**Prompt**
Please reproduce exactly, and only, the lines from the one with "کت چرم|لباس|اصفهان, کوجان|دیوار" through the last line of the listing below, both ends included, leaving out the pictures.

**Source data**
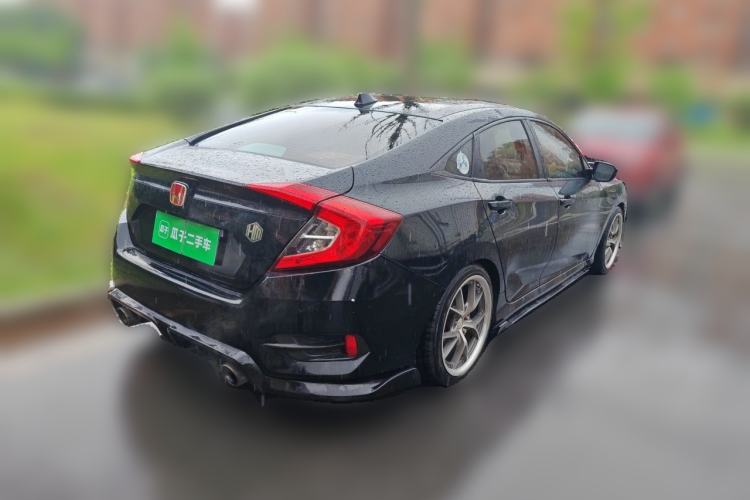 Used Honda Civic 2016 220TURBO CVT Luxury Edition Rear Right 45 Deg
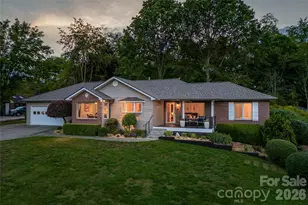 51 White Pine Cir, Fletcher, NC 28732 - Photo 2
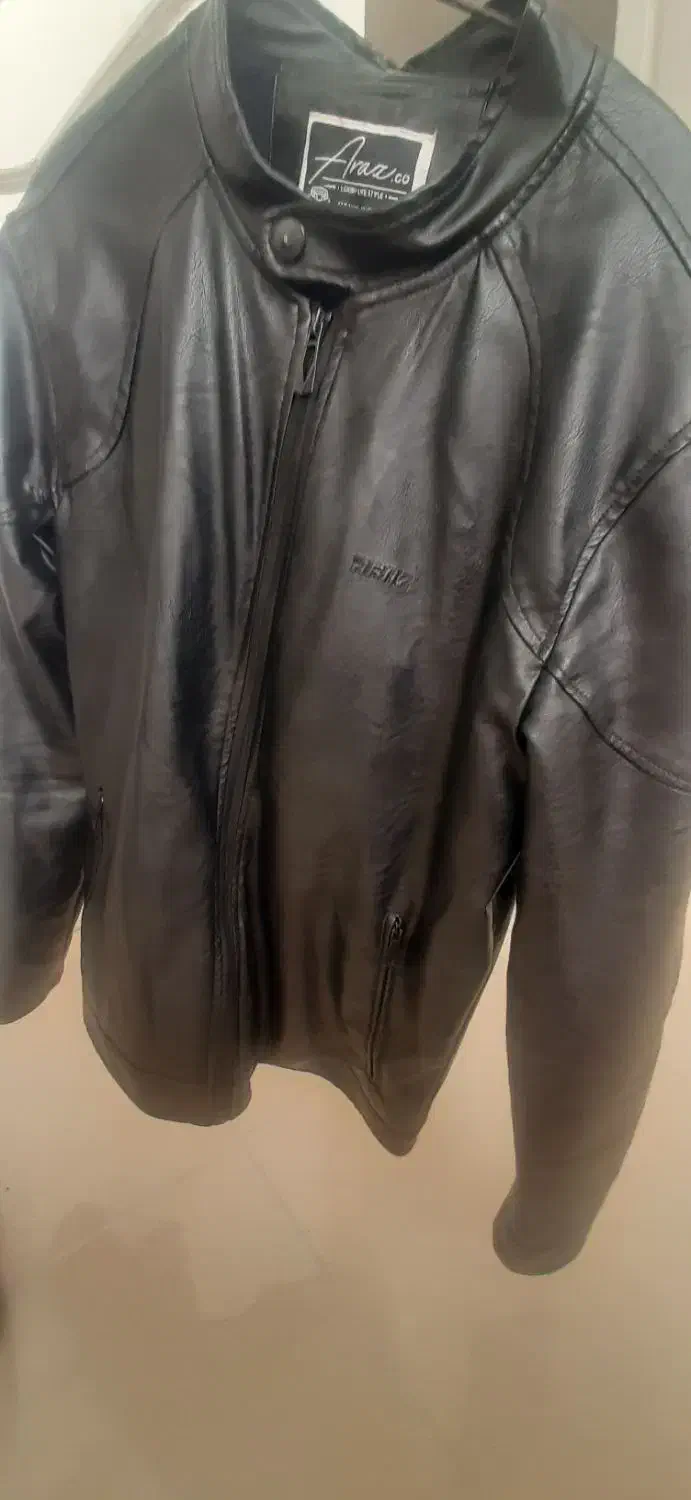 کت چرم|لباس|اصفهان, کوجان|دیوار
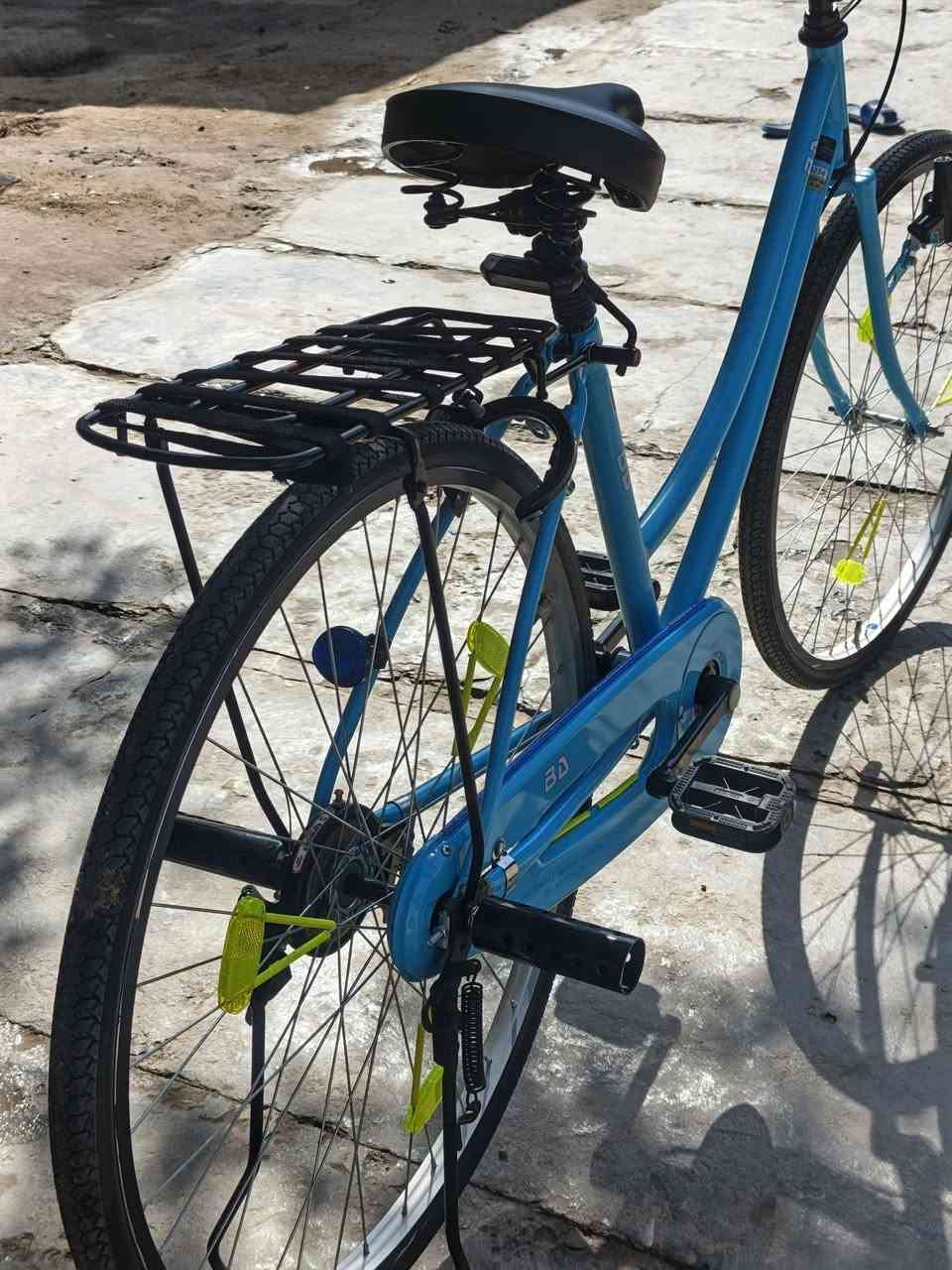 سلام عليكم
باسكل البيع 
ألون مميز 
طالع من كرار أبو نقش 
حجم 26
مديل 2022
سعر 135
مكاني طوريج أم الهوه


**إذا كنت صاحب هذا الإعلان وتريد حذفه لأي سبب، رجاءا أرسل رسالة إلى الدعم الفني**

**Answer to this problem**
 کت چرم|لباس|اصفهان, کوجان|دیوار
 سلام عليكم
باسكل البيع 
ألون مميز 
طالع من كرار أبو نقش 
حجم 26
مديل 2022
سعر 135
مكاني طوريج أم الهوه


**إذا كنت صاحب هذا الإعلان وتريد حذفه لأي سبب، رجاءا أرسل رسالة إلى الدعم الفني**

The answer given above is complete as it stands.